On Christmas Eve, Pip is visiting his parents’ grave when he meets an escaped convict and agrees to steal some food for him. So begins a relationship that will last as Pip grows into a man and is given opportunities to better himself. The character who made the greatest impression on me as a child – as I read the abridged version from the school classroom trolley – was Miss Havisham, a wealthy spinster who still wears her wedding dress years after she was jilted.

Jane Eyre

by Charlotte Brontë

‘Do you think, because I am poor, obscure, plain and little, I am soulless and heartless? You think wrong!’ A wedding that doesn’t happen is also central to the plot of Jane Eyre. When we meet Jane, her parents are long dead of typhus and she is living with a cruel aunt and being tormented by her cousins.
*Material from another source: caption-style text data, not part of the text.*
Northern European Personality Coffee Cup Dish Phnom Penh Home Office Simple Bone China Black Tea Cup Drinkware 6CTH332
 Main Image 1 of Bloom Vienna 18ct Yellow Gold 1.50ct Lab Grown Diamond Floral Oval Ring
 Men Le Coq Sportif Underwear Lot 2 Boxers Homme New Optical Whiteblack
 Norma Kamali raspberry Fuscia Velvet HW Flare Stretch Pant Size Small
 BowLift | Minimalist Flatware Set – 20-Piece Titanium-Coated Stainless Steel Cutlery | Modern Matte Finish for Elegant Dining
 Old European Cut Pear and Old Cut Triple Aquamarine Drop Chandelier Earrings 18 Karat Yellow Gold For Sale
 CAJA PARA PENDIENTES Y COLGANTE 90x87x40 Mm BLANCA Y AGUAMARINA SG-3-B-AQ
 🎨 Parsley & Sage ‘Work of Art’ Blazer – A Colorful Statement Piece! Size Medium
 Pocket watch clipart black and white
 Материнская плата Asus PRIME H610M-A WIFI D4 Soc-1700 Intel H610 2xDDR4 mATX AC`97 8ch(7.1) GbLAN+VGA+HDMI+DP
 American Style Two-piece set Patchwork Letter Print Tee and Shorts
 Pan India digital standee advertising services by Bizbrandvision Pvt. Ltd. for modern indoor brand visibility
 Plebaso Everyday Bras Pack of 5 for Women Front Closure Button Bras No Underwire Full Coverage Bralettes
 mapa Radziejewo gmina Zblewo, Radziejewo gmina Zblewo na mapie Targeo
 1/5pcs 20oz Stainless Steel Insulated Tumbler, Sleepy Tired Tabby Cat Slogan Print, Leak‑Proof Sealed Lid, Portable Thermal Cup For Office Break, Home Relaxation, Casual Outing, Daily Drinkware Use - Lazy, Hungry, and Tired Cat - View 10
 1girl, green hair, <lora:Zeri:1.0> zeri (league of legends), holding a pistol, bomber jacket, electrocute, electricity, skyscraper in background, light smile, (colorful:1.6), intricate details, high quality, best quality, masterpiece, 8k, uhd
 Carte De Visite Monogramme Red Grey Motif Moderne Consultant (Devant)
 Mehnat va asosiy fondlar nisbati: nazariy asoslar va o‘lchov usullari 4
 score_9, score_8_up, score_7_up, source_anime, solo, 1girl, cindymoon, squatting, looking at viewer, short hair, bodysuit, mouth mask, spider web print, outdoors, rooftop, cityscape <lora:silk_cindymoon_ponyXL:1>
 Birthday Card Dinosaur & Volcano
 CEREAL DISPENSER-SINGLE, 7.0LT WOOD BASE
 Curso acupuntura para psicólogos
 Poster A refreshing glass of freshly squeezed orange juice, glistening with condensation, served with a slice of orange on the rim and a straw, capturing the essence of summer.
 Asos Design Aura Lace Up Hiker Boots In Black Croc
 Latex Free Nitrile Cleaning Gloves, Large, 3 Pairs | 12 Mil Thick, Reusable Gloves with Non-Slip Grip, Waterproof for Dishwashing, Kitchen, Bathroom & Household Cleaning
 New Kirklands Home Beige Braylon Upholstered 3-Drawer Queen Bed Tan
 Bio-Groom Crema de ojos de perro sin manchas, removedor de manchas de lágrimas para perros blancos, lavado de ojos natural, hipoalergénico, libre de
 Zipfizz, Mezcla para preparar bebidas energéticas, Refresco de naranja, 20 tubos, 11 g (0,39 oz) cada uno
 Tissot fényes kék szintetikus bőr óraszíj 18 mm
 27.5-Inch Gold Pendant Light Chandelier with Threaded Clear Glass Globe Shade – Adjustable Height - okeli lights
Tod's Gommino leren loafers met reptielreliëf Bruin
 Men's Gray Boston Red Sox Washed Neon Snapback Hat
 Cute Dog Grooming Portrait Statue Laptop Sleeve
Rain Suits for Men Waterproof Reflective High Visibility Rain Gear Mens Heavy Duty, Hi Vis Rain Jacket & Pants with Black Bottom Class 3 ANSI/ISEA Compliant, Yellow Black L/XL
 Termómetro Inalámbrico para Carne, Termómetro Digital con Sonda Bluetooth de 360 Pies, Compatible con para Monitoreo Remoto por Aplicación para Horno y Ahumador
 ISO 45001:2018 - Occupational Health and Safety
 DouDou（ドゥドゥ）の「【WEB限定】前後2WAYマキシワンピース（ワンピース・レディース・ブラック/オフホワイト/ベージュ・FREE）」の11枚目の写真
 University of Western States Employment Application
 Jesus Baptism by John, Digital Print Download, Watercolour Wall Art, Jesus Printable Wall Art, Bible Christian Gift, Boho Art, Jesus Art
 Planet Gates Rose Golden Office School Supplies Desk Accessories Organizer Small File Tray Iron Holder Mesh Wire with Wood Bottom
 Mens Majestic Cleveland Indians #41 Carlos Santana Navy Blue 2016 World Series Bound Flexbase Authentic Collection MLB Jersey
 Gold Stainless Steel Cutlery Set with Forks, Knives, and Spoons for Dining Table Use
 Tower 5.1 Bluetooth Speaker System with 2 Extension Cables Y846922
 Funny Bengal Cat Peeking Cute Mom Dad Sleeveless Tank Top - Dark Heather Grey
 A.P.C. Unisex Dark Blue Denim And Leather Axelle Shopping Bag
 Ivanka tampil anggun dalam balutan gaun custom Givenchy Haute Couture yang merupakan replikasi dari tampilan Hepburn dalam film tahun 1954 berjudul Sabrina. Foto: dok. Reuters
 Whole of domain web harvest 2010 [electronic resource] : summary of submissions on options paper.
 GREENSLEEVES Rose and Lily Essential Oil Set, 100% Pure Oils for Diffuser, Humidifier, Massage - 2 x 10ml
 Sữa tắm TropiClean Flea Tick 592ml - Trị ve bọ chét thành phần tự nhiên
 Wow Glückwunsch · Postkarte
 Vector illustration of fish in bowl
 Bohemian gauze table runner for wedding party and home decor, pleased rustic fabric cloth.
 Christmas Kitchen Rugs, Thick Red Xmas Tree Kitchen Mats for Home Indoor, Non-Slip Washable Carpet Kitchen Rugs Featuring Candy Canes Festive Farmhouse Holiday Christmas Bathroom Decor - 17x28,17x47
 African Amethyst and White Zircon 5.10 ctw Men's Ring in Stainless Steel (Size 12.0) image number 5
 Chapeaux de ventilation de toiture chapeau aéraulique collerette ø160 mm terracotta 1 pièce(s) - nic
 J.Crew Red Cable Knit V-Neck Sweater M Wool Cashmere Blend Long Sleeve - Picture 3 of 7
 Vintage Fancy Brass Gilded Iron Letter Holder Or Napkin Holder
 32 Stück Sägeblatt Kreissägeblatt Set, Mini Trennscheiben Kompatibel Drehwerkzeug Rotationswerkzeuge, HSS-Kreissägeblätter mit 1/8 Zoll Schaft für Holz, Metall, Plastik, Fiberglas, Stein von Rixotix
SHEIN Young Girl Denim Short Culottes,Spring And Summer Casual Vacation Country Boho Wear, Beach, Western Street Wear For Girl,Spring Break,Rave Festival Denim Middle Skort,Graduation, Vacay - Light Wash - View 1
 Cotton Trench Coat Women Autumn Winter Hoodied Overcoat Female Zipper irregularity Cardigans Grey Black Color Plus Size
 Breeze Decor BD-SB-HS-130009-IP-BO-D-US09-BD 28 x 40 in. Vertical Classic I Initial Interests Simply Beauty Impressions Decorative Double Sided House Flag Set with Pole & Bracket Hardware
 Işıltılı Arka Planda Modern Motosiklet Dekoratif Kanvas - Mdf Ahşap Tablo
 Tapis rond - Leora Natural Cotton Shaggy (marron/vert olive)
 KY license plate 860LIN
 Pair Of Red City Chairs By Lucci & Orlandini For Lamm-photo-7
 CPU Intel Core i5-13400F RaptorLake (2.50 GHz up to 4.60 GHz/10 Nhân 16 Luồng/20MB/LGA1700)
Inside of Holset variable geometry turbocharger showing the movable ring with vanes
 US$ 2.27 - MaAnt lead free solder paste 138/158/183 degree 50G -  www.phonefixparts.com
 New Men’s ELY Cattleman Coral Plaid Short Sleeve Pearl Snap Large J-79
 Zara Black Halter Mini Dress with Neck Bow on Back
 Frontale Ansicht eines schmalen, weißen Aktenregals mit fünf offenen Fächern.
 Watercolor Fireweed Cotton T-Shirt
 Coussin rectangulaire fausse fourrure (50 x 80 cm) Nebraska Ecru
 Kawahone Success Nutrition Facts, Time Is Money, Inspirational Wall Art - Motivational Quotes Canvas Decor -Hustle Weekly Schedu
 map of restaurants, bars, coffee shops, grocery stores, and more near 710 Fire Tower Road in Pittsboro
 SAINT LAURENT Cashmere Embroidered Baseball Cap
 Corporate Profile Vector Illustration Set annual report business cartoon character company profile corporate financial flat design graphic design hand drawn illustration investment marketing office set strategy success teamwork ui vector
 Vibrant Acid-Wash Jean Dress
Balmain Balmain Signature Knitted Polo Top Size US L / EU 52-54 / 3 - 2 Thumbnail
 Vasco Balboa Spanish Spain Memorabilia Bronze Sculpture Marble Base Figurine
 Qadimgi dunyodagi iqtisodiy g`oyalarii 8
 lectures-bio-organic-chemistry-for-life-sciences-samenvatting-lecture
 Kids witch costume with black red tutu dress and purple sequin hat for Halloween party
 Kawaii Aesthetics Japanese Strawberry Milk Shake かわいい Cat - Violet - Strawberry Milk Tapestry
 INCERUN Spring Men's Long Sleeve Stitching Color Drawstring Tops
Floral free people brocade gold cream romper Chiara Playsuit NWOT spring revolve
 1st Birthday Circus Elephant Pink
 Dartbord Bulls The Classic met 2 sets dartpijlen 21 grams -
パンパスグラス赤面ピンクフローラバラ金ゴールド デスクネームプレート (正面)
By the time she is standing at the altar, she has fallen in love with Mr Rochester, but her happy ending still lies far in the distance. I could endlessly reread this book, and it says something different to me every time.

I Capture the Castle

by Dodie Smith

Book cover for I Capture the Castle

‘I write this sitting in the kitchen sink.’ There are two writers in this delightful tale of an eccentric family living in a broken-down castle. I used to identify with Cassandra, who starts keeping a diary when she is seventeen and captures the interesting details about the rich Americans who come to live next door, but now I fear I am more like her eccentric father, who has writer’s block and doesn’t want to do anything except be left alone to read detective novels.


Dear Reader

by Cathy Rentzenbrink

Book cover for Dear Reader

Cathy Retzenbrink has always been a reader, from a childhood spent with a nose in a book to taking comfort in reading in times of tragedy. Her love of reading led her first to a career as a bookseller and then as a writer, and no matter what the future holds, reading will always help. This moving and joyful exploration of the impact books can have on our lives is packed with recommendations from one reader to another.